◆ Problem requirements:
Extract only the lines running from the top of the entries to the line that holds "Minimalist magnifying glass". Include that line and omit the pictures.

◆ Source records:
========================
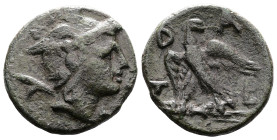 Kings of Macedon, Perseus, 179-168 BC. AE (18.9 mm, 4.9 g.). Pella or Amphipolis mint. Head of the hero Perseus right, wearing winged Phrygian helmet;...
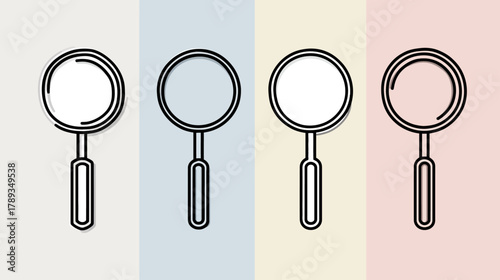 Minimalist magnifying glass line art icons set on pastel backgrounds. Concept of search, zoom, analysis, and discovery.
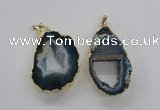 NGP1971 25*40mm - 30*50mm freeform druzy agate gemstone pendants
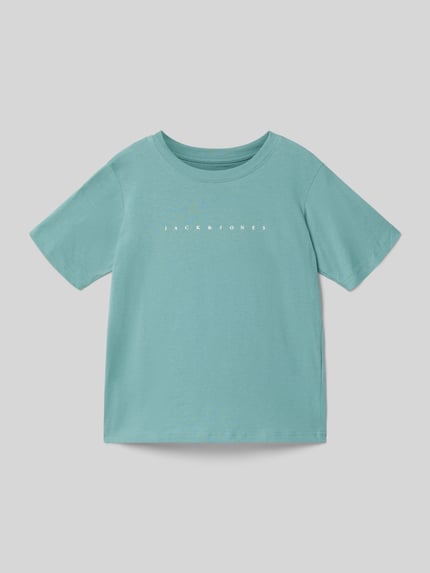 JACK & JONES T-shirt o kroju regular fit z nadrukiem z logo model 'Estar' Petrol 1
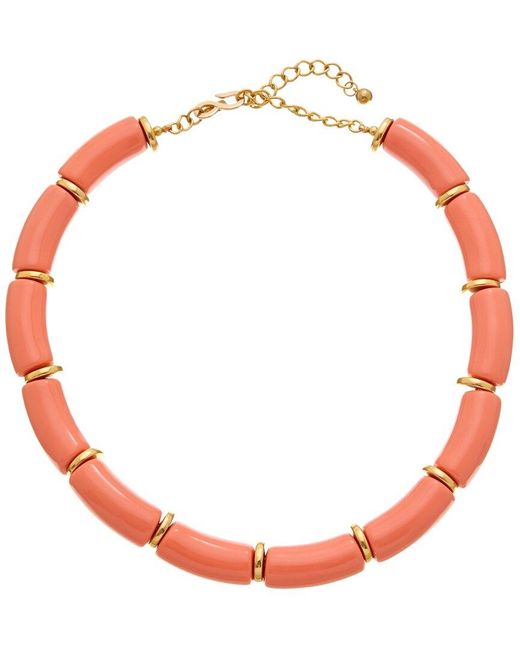 Kenneth Jay Lane Red Plated Beaded Necklace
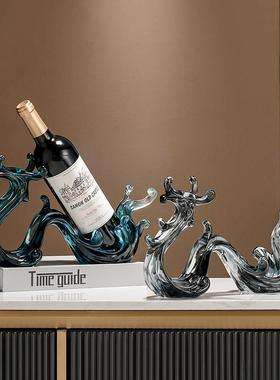 风生水起龙红酒架摆件轻奢高档创意客厅酒柜电视柜办公室装饰品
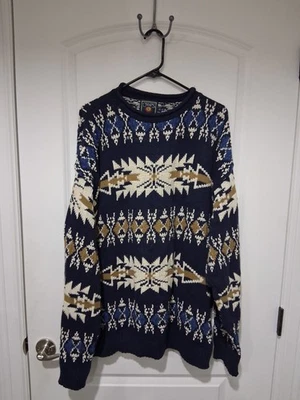 VTG Chaps Ralph Lauren 90's South Western Knit Roll Neck Sweater Made In USA - Image 1 of 4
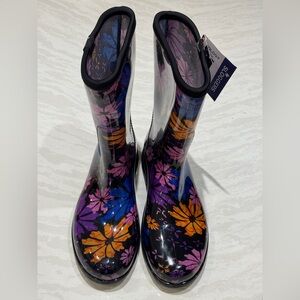 Sloggers Women's Vibrant Floral Rain Boots - Black, Purple, Orange, NWT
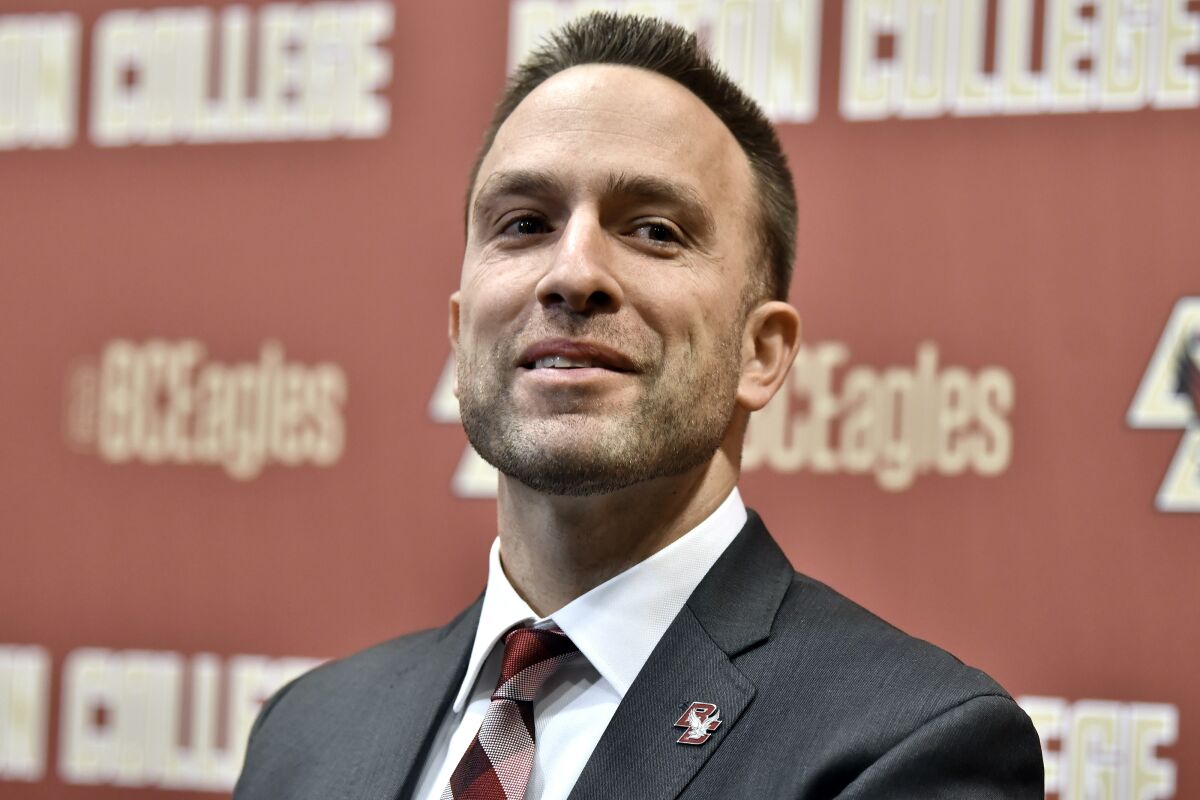 Boston College coach Jeff Hafley speaks at a news conference.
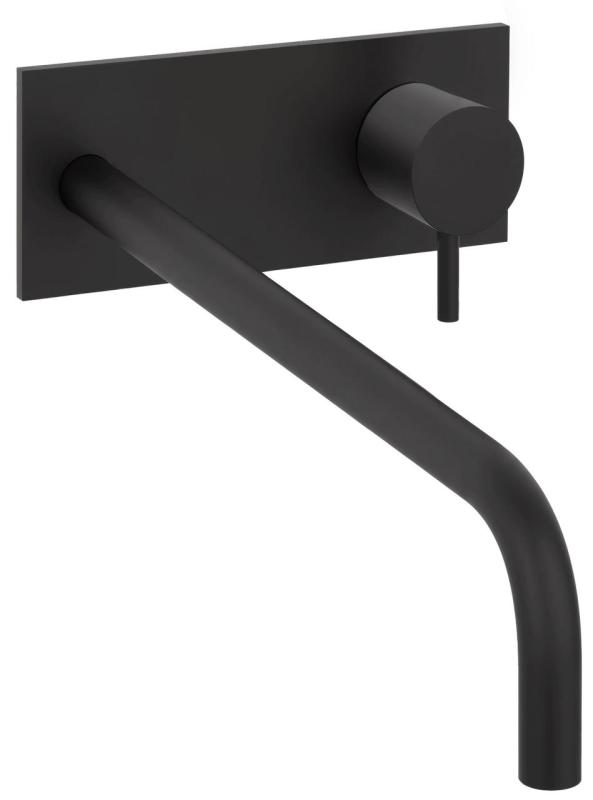 Waterevolution Flow vestavěná umyvadlová baterie s krycí deskou matná černá s výtokem 25cm T1161BPR-25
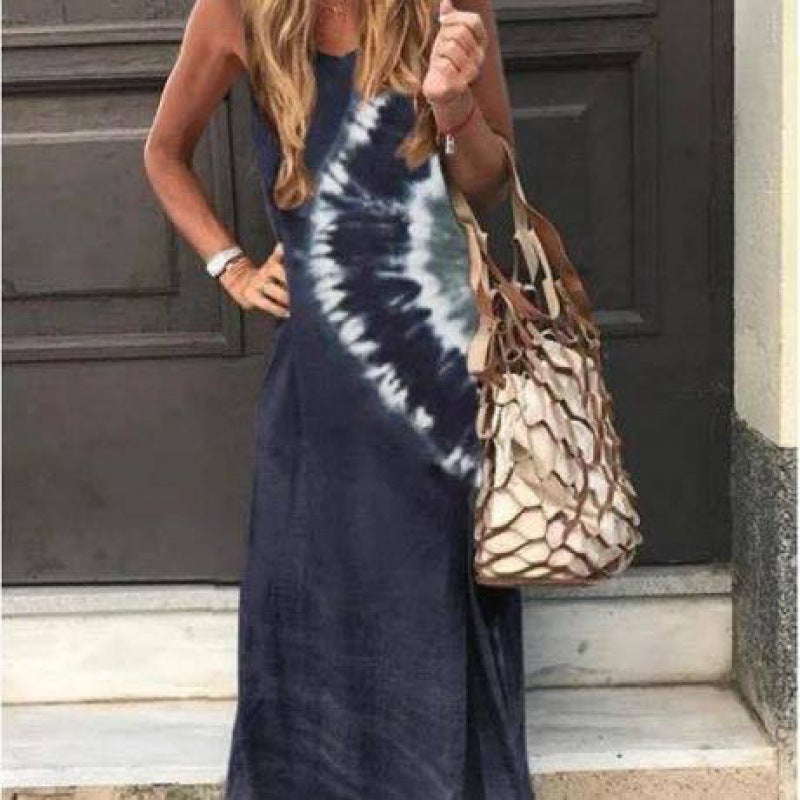 Robe maxi femme avec un design tie-dye moderne et une coupe décontractée Levoire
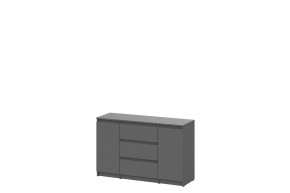 Комод 3 ящика двухстворчатый графит серый Денвер в Пыть-Яхе - pyt-yah.mebel-tymen.ru | фото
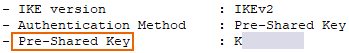 AWS VPN connection preshared key.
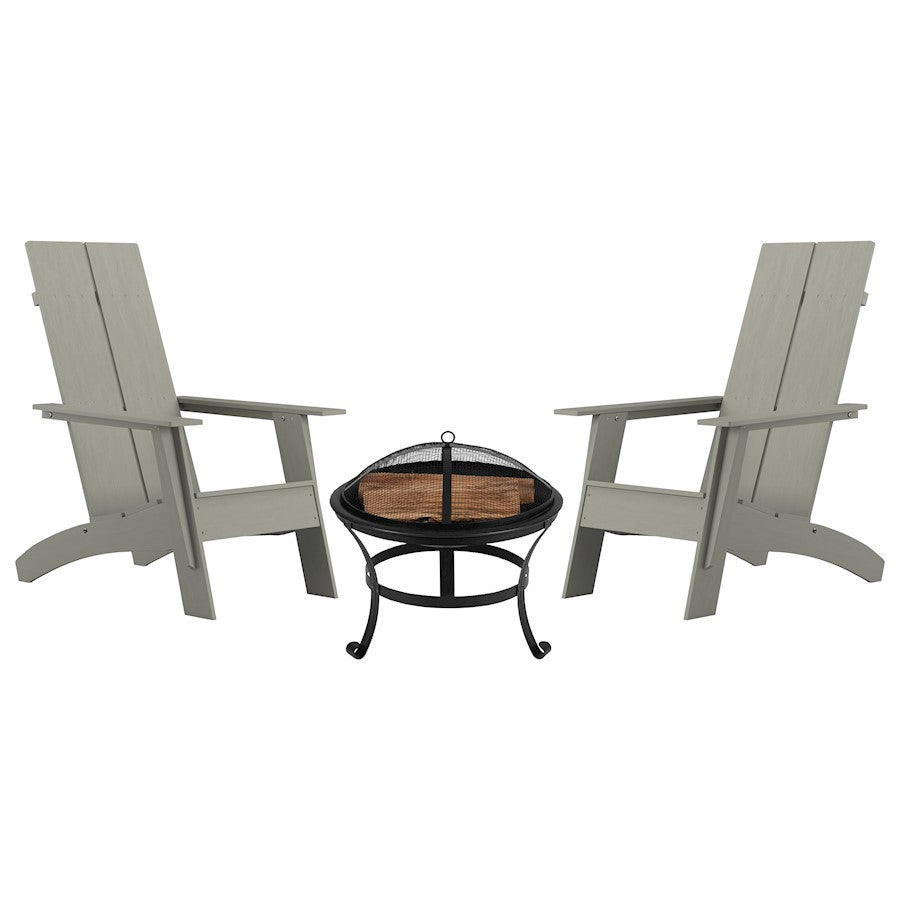 Flash Furniture Finn Pack Of 2 Rockers/Fire Pit, Gray - JJ-C145092-202-GY-GG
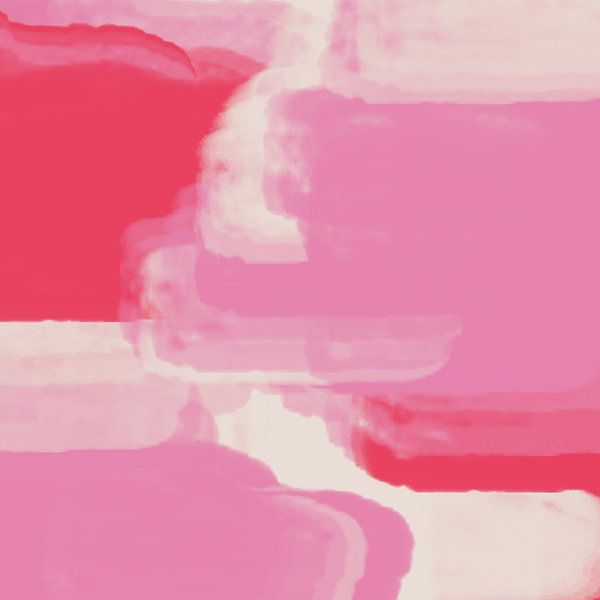 Abstract art in neon and pastel colors. Purple, red, white no. 6 by Dina Dankers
========================
◆ Output:
 Kings of Macedon, Perseus, 179-168 BC. AE (18.9 mm, 4.9 g.). Pella or Amphipolis mint. Head of the hero Perseus right, wearing winged Phrygian helmet;...
 Minimalist magnifying glass line art icons set on pastel backgrounds. Concept of search, zoom, analysis, and discovery.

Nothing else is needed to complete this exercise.